Simple, obvious code doesn’t need tests. A component that renders a string as a heading doesn’t need a test proving it renders a heading. A utility that concatenates paths doesn’t need a test for every combination.

Test complex logic. Test edge cases. Test error handling. Test anything where a bug would be non-obvious or expensive to find later.

// Congratulations, you've tested JavaScript
test('banana equals banana', () => {
  expect('🍌').toBe('🍌'); // ✅ PASS
});

Don’t test that React renders React components. Don’t test that TypeScript types are correct. Your test suite isn’t a proof of correctness; it’s a net that catches bugs that matter.

This restraint has a benefit: a smaller, focused test suite is easier to audit. When every test has a clear purpose, you can review what AI wrote and verify it matches intent.

The Coverage Trap

Coverage measures execution, not intent. A test that executes a line of code isn’t necessarily testing that the line does what it should.

Worse, coverage as a target incentivises exactly the wrong kind of tests. Need to hit 80%? Write tests that spy on every function, assert on every intermediate value. You’ll hit your number. You’ll also create a test suite that breaks whenever anyone improves the code.

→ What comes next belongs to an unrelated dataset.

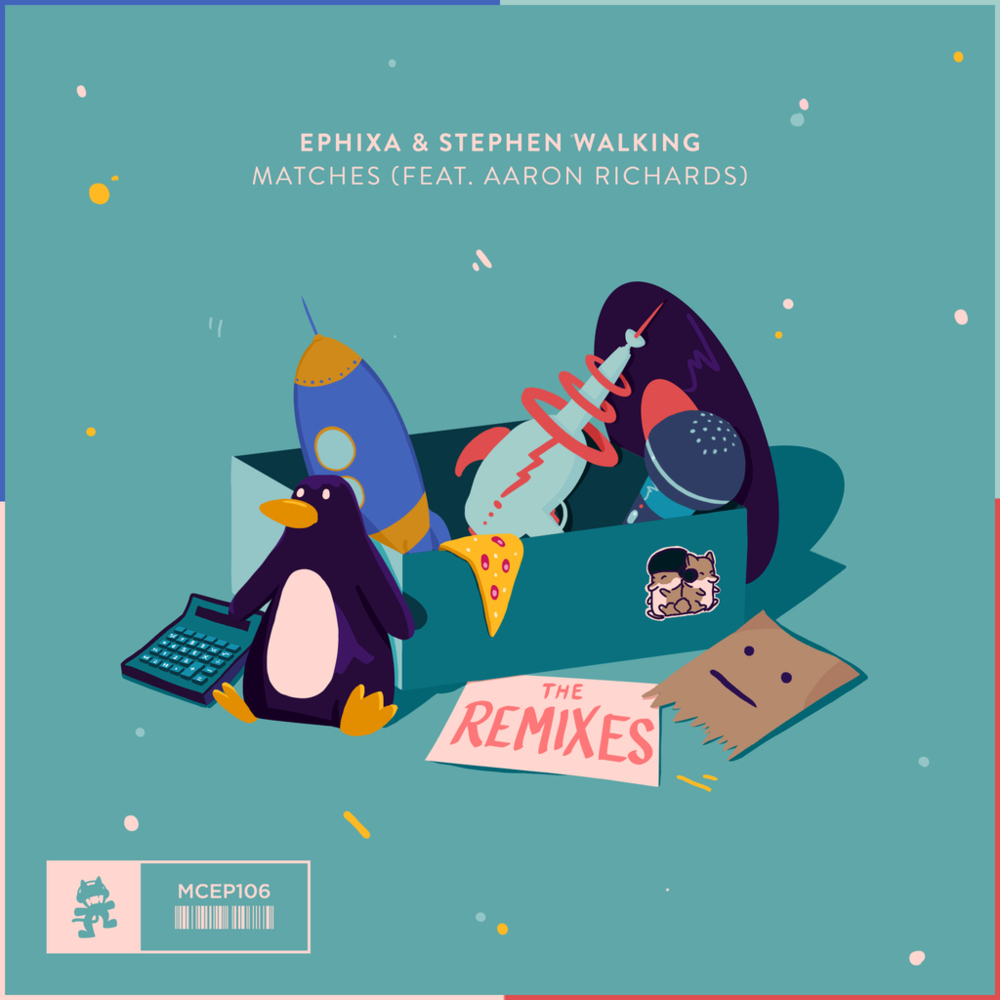 Matches (Subtact Remix) by Ephixa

// Written for coverage, not for value
test('increases coverage', () => {
  const result = processOrder(mockOrder);
  expect(processOrder).toHaveBeenCalled(); // So what?
  expect(result).toBeDefined(); // Still nothing
});

// Written for behaviour
test('completed orders update inventory', () => {
  const order = createOrder({ items: [{ sku: 'ABC', quantity: 2 }] });
  processOrder(order);
  expect(getInventory('ABC')).toBe(initialStock - 2);
});

The real question isn’t “how much code did my tests execute?” It’s “would my tests catch a bug that matters?”

A Philosophy for Flux

Tests are how you know code is correct. When both code and tests are fluid, when AI can change either at will, you lose the ability to verify anything. The test that passed yesterday means nothing if it was rewritten to match today’s code.

The philosophy is simple:

Test what the code does, not how it does it.

Tests become specifications, not surveillance. They define what matters, not document what exists. And because they encode observable behaviour rather than internal structure, they remain human-auditable even when AI writes them.

When code is in constant flux, tests are your fixed point. They’re stable not because change is expensive, but because they define what “correct” means. Without that fixed point, you have no way to know if your fluid code is flowing in the right direction.